Create /etc/nftables.conf with the following skeleton:

#!/usr/sbin/nft -f

flush ruleset

table inet filter {
    chain input {
        type filter hook input priority 0; policy drop;
        iif lo accept
        ct state established,related accept
    }

    chain forward {
        type filter hook forward priority 0; policy drop;
    }

    chain output {
        type filter hook output priority 0; policy accept;
    }
}
  • policy drop means “block everything unless we say otherwise”.
  • iif lo accept lets the loopback interface talk to itself.
  • ct state established,related accept allows replies to outbound traffic.

Allow WireGuard Traffic

Add a rule that lets the VPN interface talk to the lab network:

    chain wg-input {
        type filter hook input priority 10; policy drop;
        iif wg0 accept
    }

Then attach it to the main input chain:

    chain input {
        ...
        jump wg-input
    }

Open Specific Services

Suppose you only want the VPN client to reach Nextcloud (port 443) and your Pi‑hole (port 53).

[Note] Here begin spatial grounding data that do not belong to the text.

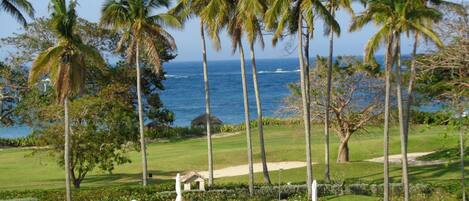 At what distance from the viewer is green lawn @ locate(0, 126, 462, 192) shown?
3797cm

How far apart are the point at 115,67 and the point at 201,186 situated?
3247 cm

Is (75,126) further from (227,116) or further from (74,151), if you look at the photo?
(227,116)

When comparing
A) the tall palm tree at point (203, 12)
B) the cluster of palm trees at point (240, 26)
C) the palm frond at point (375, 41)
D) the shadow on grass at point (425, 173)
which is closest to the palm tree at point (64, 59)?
the cluster of palm trees at point (240, 26)

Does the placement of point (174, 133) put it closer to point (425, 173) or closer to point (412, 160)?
point (412, 160)

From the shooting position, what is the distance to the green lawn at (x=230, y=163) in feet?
125

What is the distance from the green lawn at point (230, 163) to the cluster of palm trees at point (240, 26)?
17.0ft

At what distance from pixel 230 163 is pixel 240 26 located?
49.0ft

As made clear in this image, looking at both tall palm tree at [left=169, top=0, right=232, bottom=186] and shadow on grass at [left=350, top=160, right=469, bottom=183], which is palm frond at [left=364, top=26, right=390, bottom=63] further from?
shadow on grass at [left=350, top=160, right=469, bottom=183]

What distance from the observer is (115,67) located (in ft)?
201

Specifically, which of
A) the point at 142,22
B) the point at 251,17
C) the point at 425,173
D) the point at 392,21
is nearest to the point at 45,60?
the point at 142,22

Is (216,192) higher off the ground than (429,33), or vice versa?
(429,33)

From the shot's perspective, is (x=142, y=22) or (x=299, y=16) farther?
(x=142, y=22)

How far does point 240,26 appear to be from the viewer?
32469 millimetres

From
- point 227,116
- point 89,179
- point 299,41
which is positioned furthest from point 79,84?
point 227,116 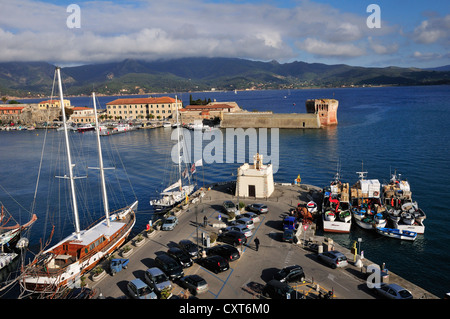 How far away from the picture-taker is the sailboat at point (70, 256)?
22453 mm

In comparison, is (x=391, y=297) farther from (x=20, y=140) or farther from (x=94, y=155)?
(x=20, y=140)

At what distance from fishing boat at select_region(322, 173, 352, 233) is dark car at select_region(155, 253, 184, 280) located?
1693 centimetres

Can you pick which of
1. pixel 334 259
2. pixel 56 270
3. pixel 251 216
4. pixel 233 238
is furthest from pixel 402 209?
pixel 56 270

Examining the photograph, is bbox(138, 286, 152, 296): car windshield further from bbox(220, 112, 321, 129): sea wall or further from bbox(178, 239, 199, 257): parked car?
bbox(220, 112, 321, 129): sea wall

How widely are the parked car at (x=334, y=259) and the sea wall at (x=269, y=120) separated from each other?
89.7 meters

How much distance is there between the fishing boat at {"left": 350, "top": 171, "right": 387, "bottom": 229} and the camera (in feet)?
107

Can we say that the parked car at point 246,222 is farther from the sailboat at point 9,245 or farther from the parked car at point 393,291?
the sailboat at point 9,245

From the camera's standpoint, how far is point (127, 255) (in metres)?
24.4

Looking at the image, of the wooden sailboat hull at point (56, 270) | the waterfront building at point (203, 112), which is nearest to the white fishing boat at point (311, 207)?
the wooden sailboat hull at point (56, 270)

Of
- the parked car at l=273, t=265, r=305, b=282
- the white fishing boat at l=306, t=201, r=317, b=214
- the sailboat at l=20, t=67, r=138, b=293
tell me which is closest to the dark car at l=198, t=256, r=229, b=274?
the parked car at l=273, t=265, r=305, b=282

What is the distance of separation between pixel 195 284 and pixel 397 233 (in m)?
21.2

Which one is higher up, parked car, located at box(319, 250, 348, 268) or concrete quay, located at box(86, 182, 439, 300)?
parked car, located at box(319, 250, 348, 268)

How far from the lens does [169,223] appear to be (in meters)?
29.6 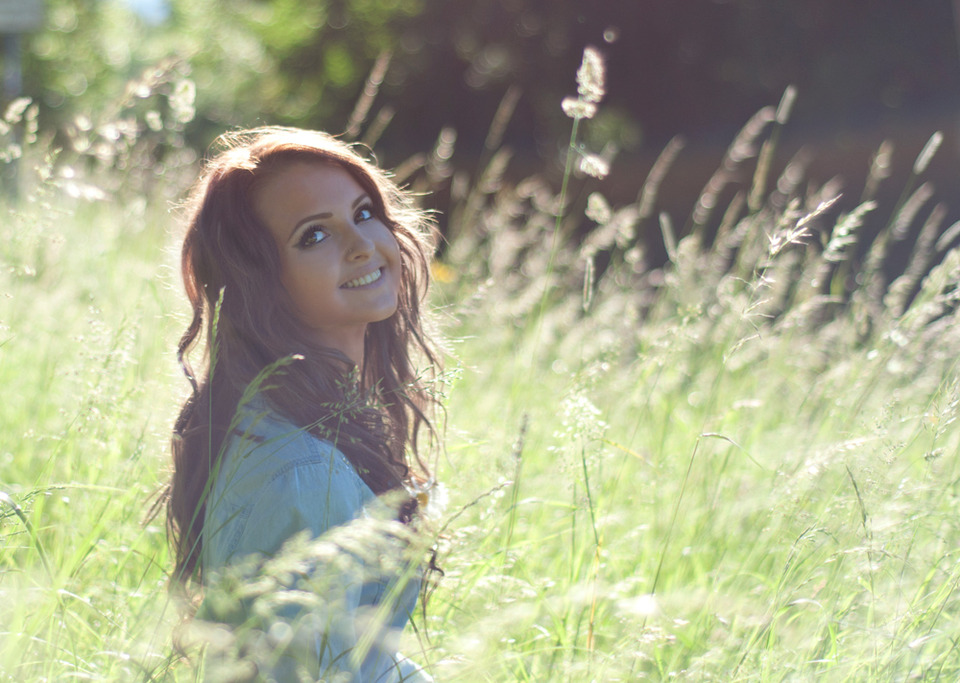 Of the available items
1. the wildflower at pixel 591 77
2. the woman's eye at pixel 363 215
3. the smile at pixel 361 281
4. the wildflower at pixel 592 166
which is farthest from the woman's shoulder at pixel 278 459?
the wildflower at pixel 591 77

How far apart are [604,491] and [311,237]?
3.35ft

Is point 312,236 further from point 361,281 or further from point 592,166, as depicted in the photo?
point 592,166

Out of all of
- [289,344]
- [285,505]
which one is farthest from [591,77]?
[285,505]

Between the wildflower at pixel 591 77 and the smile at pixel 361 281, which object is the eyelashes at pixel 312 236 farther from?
the wildflower at pixel 591 77

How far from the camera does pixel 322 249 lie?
1688 mm

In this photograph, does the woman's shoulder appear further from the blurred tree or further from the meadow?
the blurred tree

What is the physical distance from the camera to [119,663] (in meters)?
1.48

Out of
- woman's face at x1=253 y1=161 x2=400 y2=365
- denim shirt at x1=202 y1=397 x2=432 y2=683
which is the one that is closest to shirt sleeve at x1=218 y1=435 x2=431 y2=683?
denim shirt at x1=202 y1=397 x2=432 y2=683

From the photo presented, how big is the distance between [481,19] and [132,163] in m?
9.16

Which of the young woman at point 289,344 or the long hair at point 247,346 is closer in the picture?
the young woman at point 289,344

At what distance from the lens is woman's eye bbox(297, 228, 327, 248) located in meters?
1.69

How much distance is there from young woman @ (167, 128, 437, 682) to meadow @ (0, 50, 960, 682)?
0.46 feet

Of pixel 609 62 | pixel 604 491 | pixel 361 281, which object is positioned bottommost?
pixel 604 491

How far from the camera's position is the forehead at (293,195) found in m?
1.68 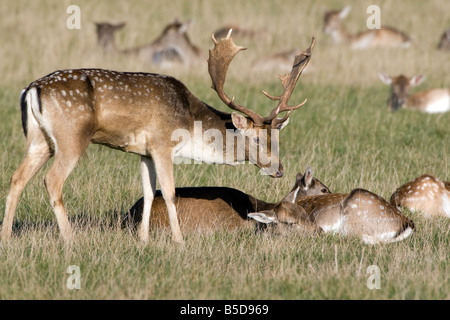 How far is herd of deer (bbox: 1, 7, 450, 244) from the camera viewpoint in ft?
20.0

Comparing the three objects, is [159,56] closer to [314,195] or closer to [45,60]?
[45,60]

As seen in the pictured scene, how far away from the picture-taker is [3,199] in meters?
7.45

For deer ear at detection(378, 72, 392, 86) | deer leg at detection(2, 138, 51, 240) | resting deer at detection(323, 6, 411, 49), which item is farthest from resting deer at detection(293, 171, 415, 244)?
resting deer at detection(323, 6, 411, 49)

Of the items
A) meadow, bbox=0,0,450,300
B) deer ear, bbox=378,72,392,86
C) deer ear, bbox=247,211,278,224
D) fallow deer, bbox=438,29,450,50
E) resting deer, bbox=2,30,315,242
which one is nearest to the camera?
meadow, bbox=0,0,450,300

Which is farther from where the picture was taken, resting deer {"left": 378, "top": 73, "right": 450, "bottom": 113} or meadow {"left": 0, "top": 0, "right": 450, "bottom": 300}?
resting deer {"left": 378, "top": 73, "right": 450, "bottom": 113}

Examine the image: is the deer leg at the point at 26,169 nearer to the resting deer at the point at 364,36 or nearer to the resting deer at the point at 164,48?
the resting deer at the point at 164,48

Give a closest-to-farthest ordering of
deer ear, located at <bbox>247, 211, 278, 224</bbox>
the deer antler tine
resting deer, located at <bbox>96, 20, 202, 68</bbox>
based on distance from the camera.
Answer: deer ear, located at <bbox>247, 211, 278, 224</bbox> → the deer antler tine → resting deer, located at <bbox>96, 20, 202, 68</bbox>

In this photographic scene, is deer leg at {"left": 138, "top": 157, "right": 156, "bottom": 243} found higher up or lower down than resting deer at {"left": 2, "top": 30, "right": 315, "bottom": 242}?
lower down

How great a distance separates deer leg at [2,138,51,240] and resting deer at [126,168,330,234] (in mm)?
922

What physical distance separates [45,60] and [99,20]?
4885 millimetres

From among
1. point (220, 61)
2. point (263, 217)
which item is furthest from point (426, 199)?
point (220, 61)

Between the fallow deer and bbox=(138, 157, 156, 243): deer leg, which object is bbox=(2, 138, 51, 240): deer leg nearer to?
bbox=(138, 157, 156, 243): deer leg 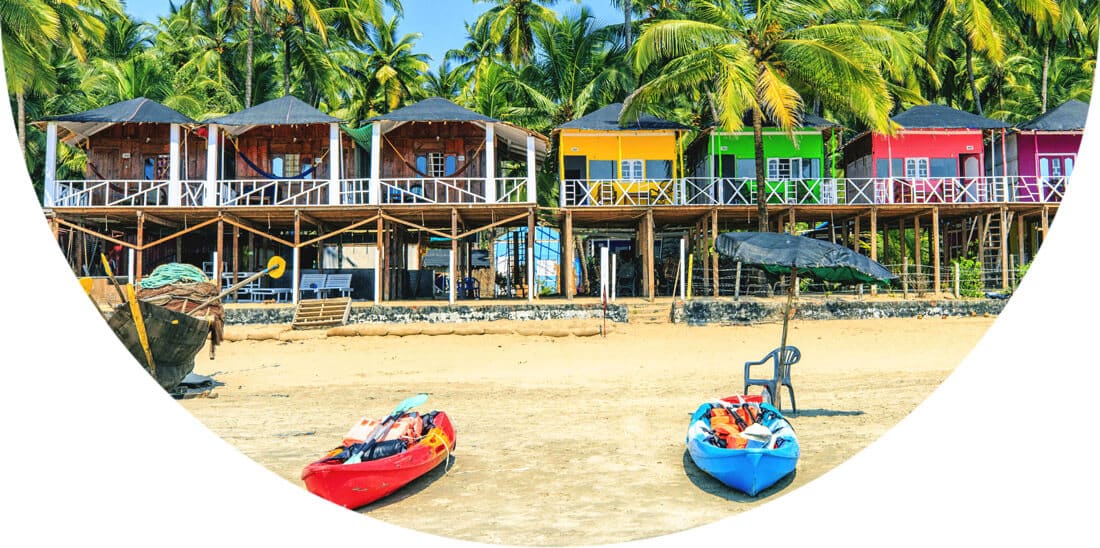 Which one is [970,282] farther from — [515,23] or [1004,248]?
[515,23]

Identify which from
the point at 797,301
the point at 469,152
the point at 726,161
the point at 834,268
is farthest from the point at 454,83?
the point at 834,268

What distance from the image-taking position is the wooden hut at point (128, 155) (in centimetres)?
1980

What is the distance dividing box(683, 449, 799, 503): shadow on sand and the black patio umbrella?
5.41 ft

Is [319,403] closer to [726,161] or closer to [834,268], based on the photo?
[834,268]

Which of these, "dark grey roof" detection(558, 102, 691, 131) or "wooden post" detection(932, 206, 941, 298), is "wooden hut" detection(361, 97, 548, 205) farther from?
"wooden post" detection(932, 206, 941, 298)

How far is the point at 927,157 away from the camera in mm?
22406

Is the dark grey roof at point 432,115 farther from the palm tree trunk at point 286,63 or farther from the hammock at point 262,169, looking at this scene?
the palm tree trunk at point 286,63

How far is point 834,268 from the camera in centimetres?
886

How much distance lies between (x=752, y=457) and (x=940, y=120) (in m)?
18.6

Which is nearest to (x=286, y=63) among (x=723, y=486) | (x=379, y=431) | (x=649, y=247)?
(x=649, y=247)

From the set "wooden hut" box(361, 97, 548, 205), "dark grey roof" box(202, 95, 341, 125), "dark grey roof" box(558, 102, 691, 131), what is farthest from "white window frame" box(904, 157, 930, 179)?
"dark grey roof" box(202, 95, 341, 125)

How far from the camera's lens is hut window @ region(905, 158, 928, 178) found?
2242 cm

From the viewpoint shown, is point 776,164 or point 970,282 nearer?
point 970,282

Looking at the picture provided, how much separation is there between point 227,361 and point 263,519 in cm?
997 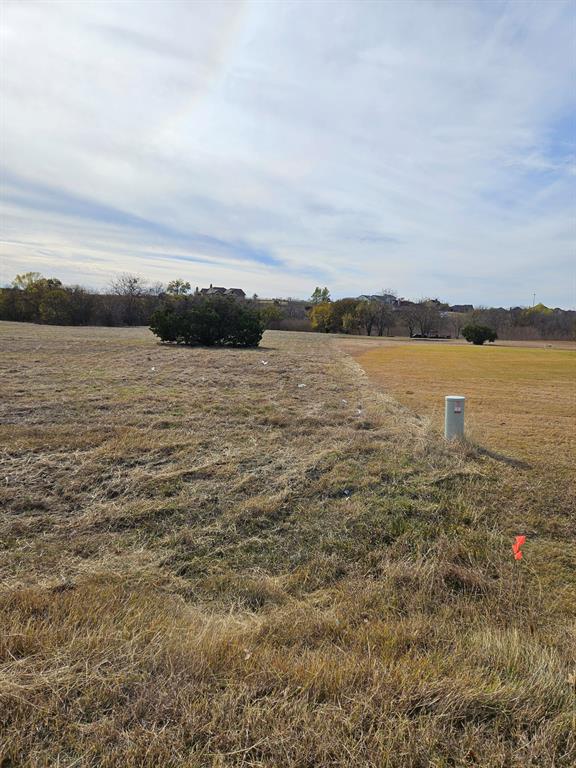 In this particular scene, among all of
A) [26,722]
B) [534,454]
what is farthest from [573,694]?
[534,454]

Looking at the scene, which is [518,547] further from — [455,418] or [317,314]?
[317,314]

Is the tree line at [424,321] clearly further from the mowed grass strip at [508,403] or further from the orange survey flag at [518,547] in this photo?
the orange survey flag at [518,547]

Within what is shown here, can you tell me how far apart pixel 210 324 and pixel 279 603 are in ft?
66.7

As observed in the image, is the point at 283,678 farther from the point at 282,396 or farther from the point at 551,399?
the point at 551,399

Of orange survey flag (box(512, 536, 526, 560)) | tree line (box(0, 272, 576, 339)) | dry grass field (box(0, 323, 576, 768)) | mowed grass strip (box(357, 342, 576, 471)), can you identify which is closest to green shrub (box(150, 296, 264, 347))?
mowed grass strip (box(357, 342, 576, 471))

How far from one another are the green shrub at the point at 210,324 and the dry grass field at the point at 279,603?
16.7 m

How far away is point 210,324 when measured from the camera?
2192cm

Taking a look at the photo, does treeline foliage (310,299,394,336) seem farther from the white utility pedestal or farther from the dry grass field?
the dry grass field

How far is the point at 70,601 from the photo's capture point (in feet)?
7.73

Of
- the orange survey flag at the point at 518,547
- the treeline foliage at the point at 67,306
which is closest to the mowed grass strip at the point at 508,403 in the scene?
the orange survey flag at the point at 518,547

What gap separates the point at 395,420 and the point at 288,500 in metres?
3.62

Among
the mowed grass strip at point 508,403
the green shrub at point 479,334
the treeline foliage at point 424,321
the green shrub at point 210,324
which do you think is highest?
the treeline foliage at point 424,321

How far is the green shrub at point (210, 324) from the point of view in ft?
72.1

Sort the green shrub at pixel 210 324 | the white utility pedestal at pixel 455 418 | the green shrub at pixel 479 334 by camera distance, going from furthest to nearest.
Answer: the green shrub at pixel 479 334
the green shrub at pixel 210 324
the white utility pedestal at pixel 455 418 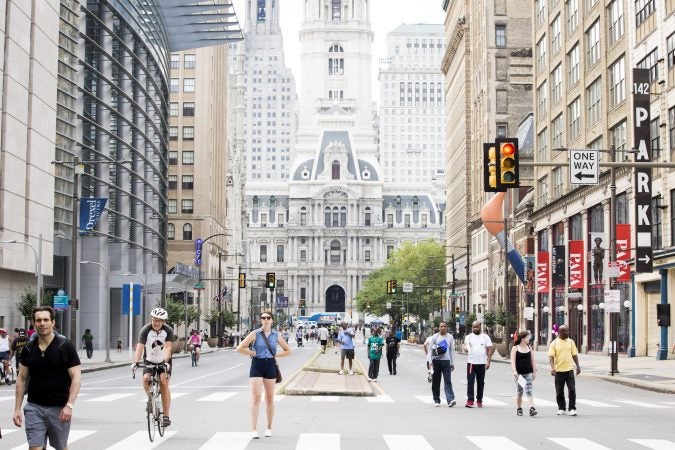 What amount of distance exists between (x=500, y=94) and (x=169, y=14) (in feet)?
98.1

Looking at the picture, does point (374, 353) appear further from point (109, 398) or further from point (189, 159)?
point (189, 159)

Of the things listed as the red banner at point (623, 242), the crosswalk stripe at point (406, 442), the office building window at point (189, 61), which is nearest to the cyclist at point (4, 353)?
the crosswalk stripe at point (406, 442)

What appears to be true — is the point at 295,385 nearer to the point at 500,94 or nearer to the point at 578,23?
the point at 578,23

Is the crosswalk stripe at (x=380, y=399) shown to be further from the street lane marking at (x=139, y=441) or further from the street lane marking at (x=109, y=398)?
the street lane marking at (x=139, y=441)

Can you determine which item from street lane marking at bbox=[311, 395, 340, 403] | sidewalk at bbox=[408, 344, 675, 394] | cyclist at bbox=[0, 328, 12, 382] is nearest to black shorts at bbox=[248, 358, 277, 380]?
street lane marking at bbox=[311, 395, 340, 403]

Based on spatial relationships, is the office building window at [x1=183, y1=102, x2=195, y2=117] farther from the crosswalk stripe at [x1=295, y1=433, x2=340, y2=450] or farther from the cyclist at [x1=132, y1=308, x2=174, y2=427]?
the crosswalk stripe at [x1=295, y1=433, x2=340, y2=450]

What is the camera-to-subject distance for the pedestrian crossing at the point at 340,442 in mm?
15172

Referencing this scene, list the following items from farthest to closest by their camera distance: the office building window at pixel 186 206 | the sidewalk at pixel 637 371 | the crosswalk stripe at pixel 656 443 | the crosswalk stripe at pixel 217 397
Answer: the office building window at pixel 186 206 < the sidewalk at pixel 637 371 < the crosswalk stripe at pixel 217 397 < the crosswalk stripe at pixel 656 443

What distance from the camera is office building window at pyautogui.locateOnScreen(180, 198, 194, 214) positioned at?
382 ft

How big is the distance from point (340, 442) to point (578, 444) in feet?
11.4

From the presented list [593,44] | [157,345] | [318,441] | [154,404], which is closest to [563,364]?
[318,441]

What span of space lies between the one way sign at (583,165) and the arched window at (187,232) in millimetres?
93883

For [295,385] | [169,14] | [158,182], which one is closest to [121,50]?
[169,14]

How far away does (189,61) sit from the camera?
117 m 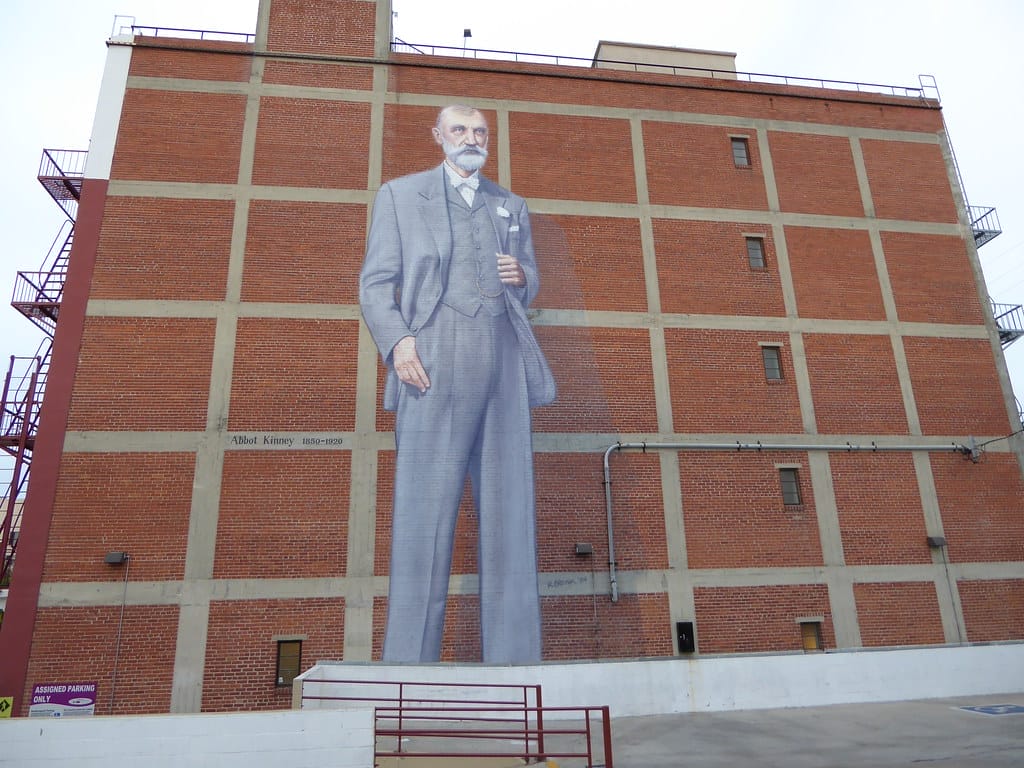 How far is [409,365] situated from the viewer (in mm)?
15188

Add these lines inside wg-input:

        ip saddr 10.200.200.2 tcp dport 443 accept
        ip saddr 10.200.200.2 udp dport 53 accept

Repeat for each device you trust, using its VPN IP. If a device tries to reach anything else, the default drop rule will block it.

Load the Rules

sudo nft -f /etc/nftables.conf
sudo systemctl enable nftables
sudo systemctl start nftables

Step 5 – Harden the Server

A VPN is only as strong as the host it runs on.

  • Keep the OS patched – set up unattended upgrades or a cron job.
  • Use strong passwords – or better, disable password login entirely and rely on SSH keys.
  • Limit SSH – add a rule that only allows SSH from the VPN subnet.
    ip saddr 10.200.200.0/24 tcp dport 22 accept
    
  • Monitor logsjournalctl -u wg-quick@wg0 and nft list ruleset give quick insight into what’s happening.

Step 6 – Bring It Home

Now that the tunnel and firewall are live, configure your home router to forward UDP 51820 to the lab server’s WAN IP. If you have a dynamic IP from your ISP, set up a free DDNS service (like DuckDNS) and point your WireGuard client to that name. I keep the DDNS update script on the same NUC; a tiny cron entry does the work.

A Little Story

When I first tried WireGuard, I accidentally set the client’s AllowedIPs to 0.0.0.0/0. That told the VPN to route all traffic—including my own internet browsing—through the lab box. My laptop suddenly slowed to a crawl, and I realized I was trying to stream Netflix through a 100 Mbps home link that was already busy with backups. The fix? Change AllowedIPs to just the VPN subnet and the specific services you need. Lesson learned: a VPN is a tunnel, not a highway.

Wrap‑Up

With WireGuard handling encryption and a zero‑trust firewall enforcing strict per‑device rules, your homelab becomes a fortress you can reach from anywhere without exposing a single port to the wild internet. The setup is lightweight, uses modern tools, and can be expanded as you add more services.

Give it a try, tweak the rules to match your own lab, and enjoy the peace of mind that comes from knowing your DIY server stack is locked down the right way.